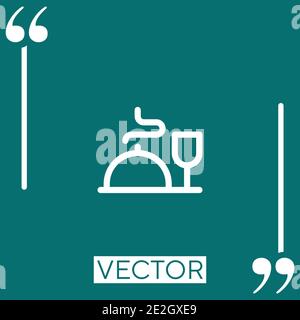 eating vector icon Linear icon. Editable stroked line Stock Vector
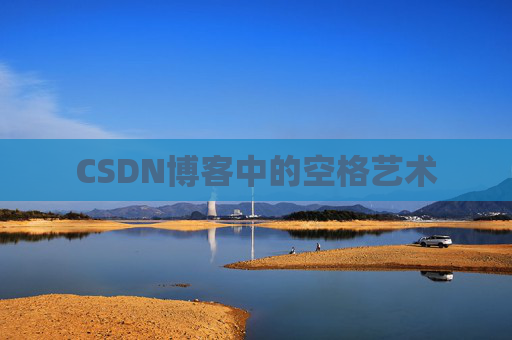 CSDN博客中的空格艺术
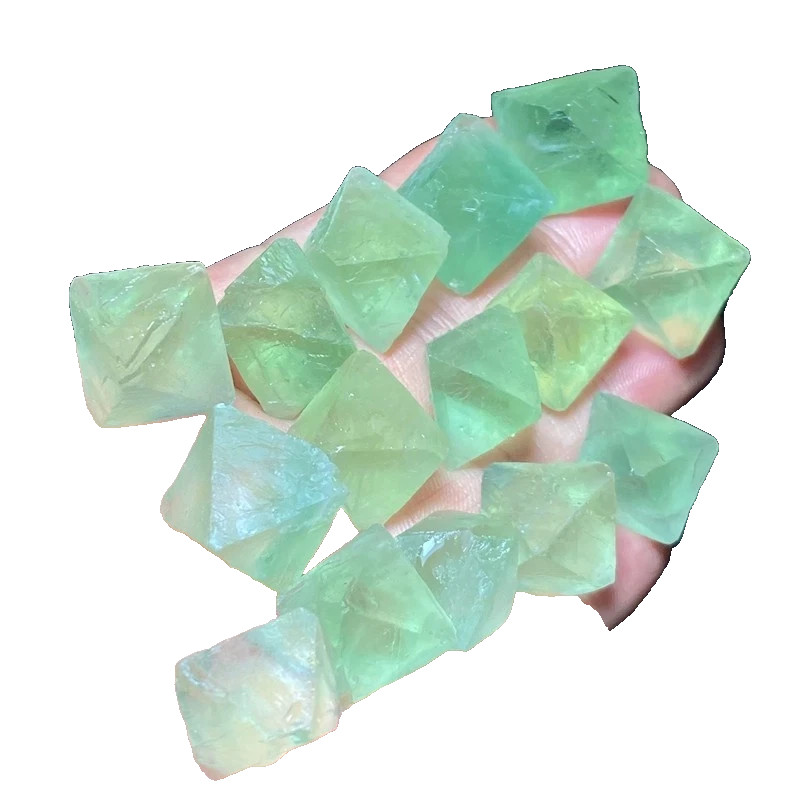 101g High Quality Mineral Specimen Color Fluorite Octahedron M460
§
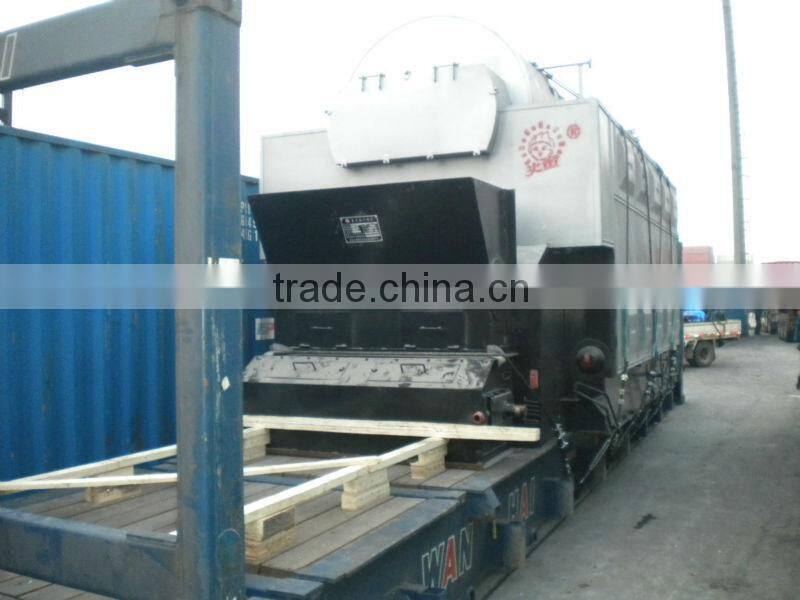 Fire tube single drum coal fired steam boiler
§
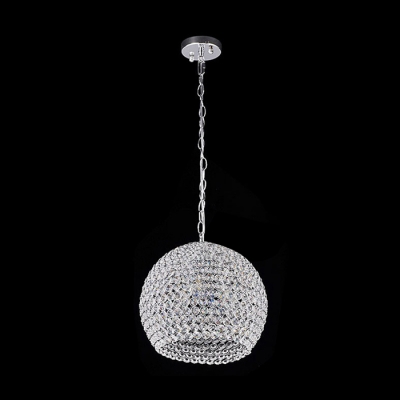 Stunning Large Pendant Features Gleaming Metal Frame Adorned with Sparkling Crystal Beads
§
**Work to complete**
Nothing except the lines from the one containing "eating vector icon" through the one containing "101g High Quality" should appear in the answer, exactly as above and without pictures.

**Output of the task**
 eating vector icon Linear icon. Editable stroked line Stock Vector
 CSDN博客中的空格艺术
 101g High Quality Mineral Specimen Color Fluorite Octahedron M460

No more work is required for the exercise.